2. A copy of the constitutional documents of the Acceding Debtor.
3. A copy of a resolution of the board of directors of the Acceding Debtor:
(a) approving the terms of, and the transactions contemplated by, the Accession
Undertaking, the Subordinated Facility Agreement or the Facilities Agreement as
the case may be, and resolving that it executes the relevant Debt Documents;
(b) authorising a specified person or persons to execute the Accession Undertaking and
the relevant Debt Documents on its behalf;
(c) authorising a specified person or persons, on its behalf, to sign and/or despatch all
other documents and notices to be signed and/or despatched by it under or in
connection with the Accession Undertaking and the relevant Debt Documents; and
(d) resolving that it is in the best interests of that Acceding Debtor to enter into the
transactions contemplated by the Accession Undertaking and the relevant Debt
Documents to which that Acceding Debtor is a party, giving reasons.
4. A specimen of the signature of each person authorised by the resolution referred to in
paragraph 3 above.
5. If required, a copy of a resolution signed by all the holders of the issued shares of the
Acceding Debtor, approving the terms of, and the transactions contemplated by, the
Accession Undertaking and the relevant Debt Documents to which the Acceding Debtor is
a party.
6. A certificate of the Acceding Debtor (signed by a director) confirming that borrowing or
guaranteeing, the obligations constituted by the Accession Undertaking and the relevant
Debt Documents to which that Acceding Debtor is a party would not cause any borrowing,
guaranteeing or similar limit binding on it to be exceeded.
7. A good standing certificate for any Acceding Debtor incorporated in the United States of
America from its jurisdiction of incorporation or organisation, dated not earlier than 5
Business Days prior to the date of the relevant Accession Undertaking and the relevant
Debt Documents to which that Acceding Debtor is a party.

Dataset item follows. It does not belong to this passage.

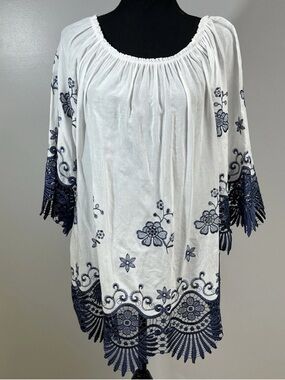 NWT New Collection 100% Viscose Made In Italy Wmn’s embroidered in NavyBlue M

8. A certificate of an authorised signatory of the Acceding Debtor certifying that each copy
document listed in this Schedule 4 is correct, complete and in full force and effect as at a
24
date no earlier than the date of the of the relevant Accession Undertaking and the relevant
Debt Documents to which that Acceding Debtor is a party.
9. A copy of any other Authorisation or other document, opinion or assurance which the
Senior Agent considers to be necessary or desirable (including any documents or
evidence to comply with “know your customer” checks) in connection with the entry into
and performance of the transactions contemplated by the Accession Letter or for the
validity and enforceability of any Finance Document.

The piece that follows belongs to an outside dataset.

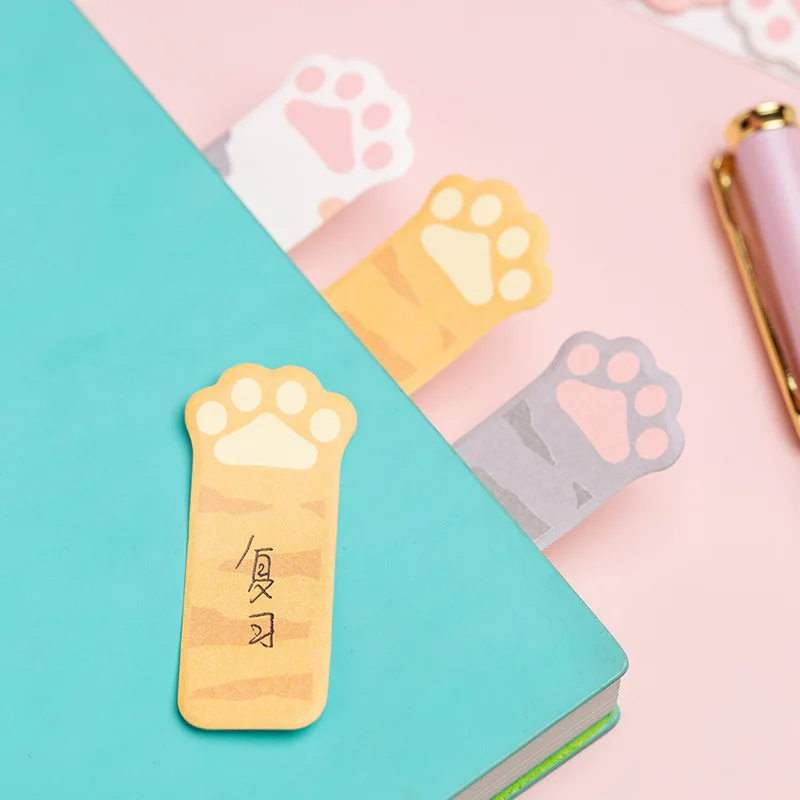 Mengtai Cute Cat Paw Sticky Notes Memo Pad Diary Stationary Flakes Scrapbook Index bookmarks Decorative Kawaii N Times Sticky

10. A legal opinion in relation to English law from Allen & Overy LLP addressed to the
Senior Creditors.
11. A legal opinion as to the law of the jurisdiction of incorporation of the Acceding Debtor,
if other than England and Wales, from a law firm appointed by the Senior Agent
addressed to the Senior Creditors.
12. If the proposed Acceding Debtor is incorporated in a jurisdiction other than England and
Wales, evidence that the process agent specified in Clause 42.2 of the Facilities
Agreement (Service of process) if applicable has accepted its appointment in relation to
the proposed Acceding Debtor.
13. Evidence that any fee payable under Clause 24.3 of the Facilities Agreement (Additional
Guarantor accession fee) if applicable has been paid.